CSU Board of Governors Approves $124.5 Million Bond Package for Animal Sciences, Student Center Renovations, Housing Development

Note to Reporters: Renderings of the buildings are available with the news release at http://news.colostate.edu.

The Board of Governors of the Colorado State University System on Wednesday approved a $124.5 million bond package that includes upgrades to classroom and learning facilities for students in agriculture; a new, state-of-the-art undergraduate housing facility that will accommodate more than 600 students; and renovation of the 50-year-old Lory Student Center.

Students have voted to increase their fees to pay for the majority of the Lory Student Center renovation, and students who live in the new housing development will pay for that facility.

The total bond package approved Wednesday includes:

• $7.5 million for a partial renovation of the Animal Sciences Building to prepare the building for future expansion and facility enhancement;
• $60 million for the student center renovation; and
• $57 million for the new housing development and renovation of the existing Durrell Center.

Bonds are expected to be issued in the spring. Design work is just beginning, but construction on the housing and Animal Science projects is expected to start immediately after graduation in May, said Amy Parsons, vice president for University Operations. Construction will begin on the Lory Student Center renovation in May 2013.

“These will be state-of-the-art facilities that will enhance the college experience for future students as well as improve our campus community for everyone,” Parsons said.

Renovations to the 60-year-old Animal Sciences facility will support the needs of more than 800 students majoring in one of Colorado State’s signature academic programs. The Animal Sciences department offers a competitive, science-based education that prepares responsible, forward-thinking leaders for the nation’s livestock industries. The building houses the meats laboratory, which central to the university’s international expertise in meat safety and quality.

The planned $19.5 million renovation is one of the first steps in upgrading some of Colorado State’s agricultural education facilities and will include the $7.5 million bond issue to replace the plumbing, mechanical, electrical and telecommunications systems in the 41,558-square-foot building and install modern audio-visual systems in the renovated teaching laboratories and classrooms. The College of Agricultural Sciences is seeking private funding to build two additions including a 170-seat auditorium.

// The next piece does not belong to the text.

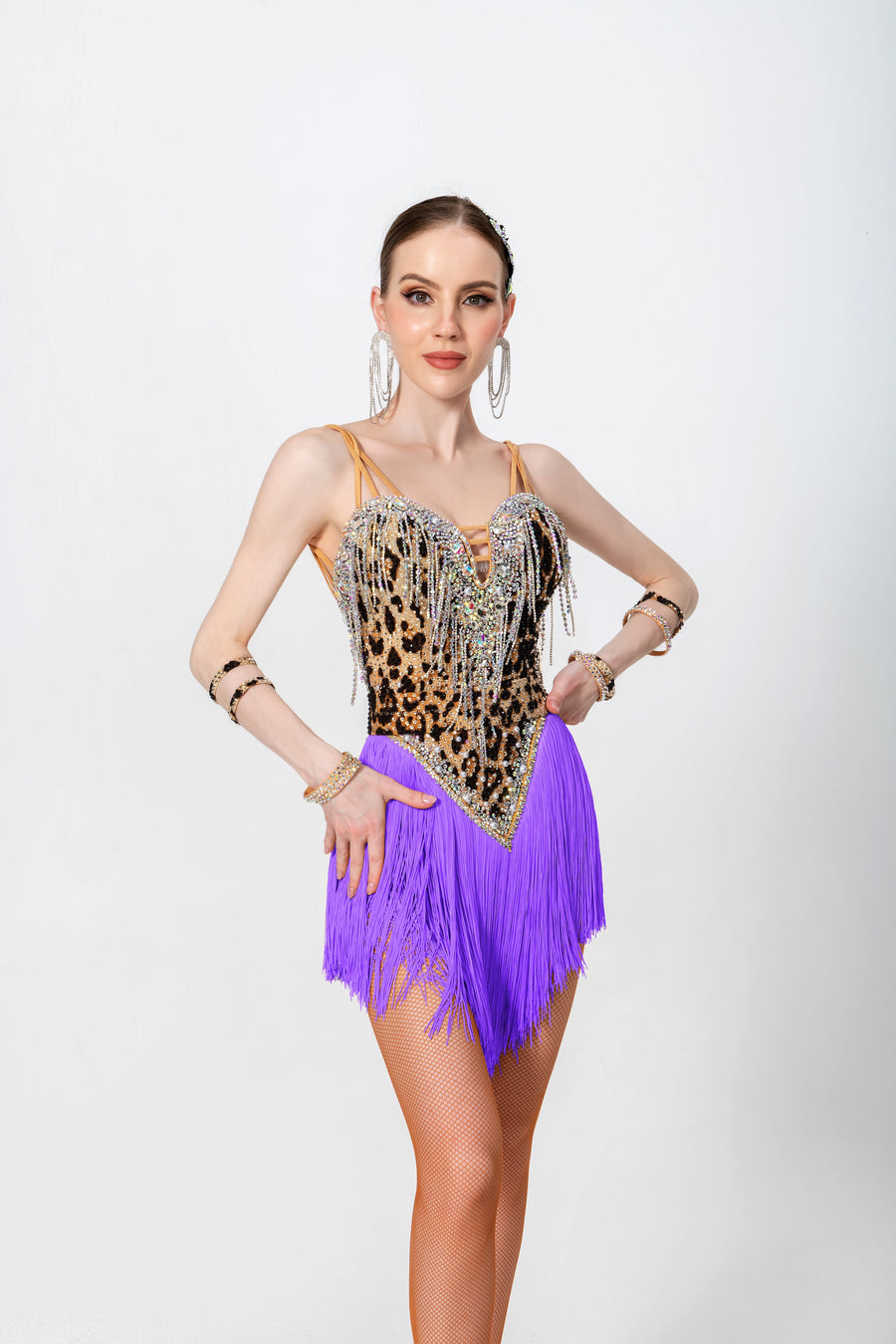 Crystalline Leopard Print Fringe Latin Dress Latin/Rhythm # L5006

“Providing a first-rate education in agricultural sciences is part of our mission as the state’s land-grant university – and our faculty and students in agriculture are among the best in the world,” Parsons said. “Unfortunately, some of our teaching and lab space for the College of Agricultural Sciences is showing its age, and we are actively focused on upgrading the spaces necessary to fully support one of the university’s most unique and important academic programs.”

Students who live in the new housing development will pay for it through room and board rates. The project will be built on the site of the Lory Apartments along Laurel Avenue immediately east of the Westfall and Durward Hall towers. Leases at the Lory Apartments, which host graduate students, will end May 31, so Apartment Life has been working with current residents to reassign them to their choice of housing in one of the other three university apartment communities (International House, University Village and Aggie Village).

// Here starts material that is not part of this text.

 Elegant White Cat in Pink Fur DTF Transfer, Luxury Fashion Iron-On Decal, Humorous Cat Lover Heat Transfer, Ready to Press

Construction of the housing facility will take an estimated 24 months to complete.

The total Lory Student Center project is expected to cost $65 million, which includes bond proceeds as well as $5 million in Lory reserves. While designs are still being finalized, the project is expected to renovate 160,000 square feet and add 40,000 square feet, which includes updating as many as 19 of the 50-year-old mechanical systems in the building. The LSC theater renovation is under way and is expected to be completed in the summer, providing swing space for programs and events as the LSC renovation progresses.

Construction is expected to take 16 to 18 months and will eventually include temporary relocations of about half of the building, including some student and food services. The project is expected to be completed by fall 2014, which is when a student fee increase will be implemented.

About 18,000 people pass through the halls of the Lory Student Center every day.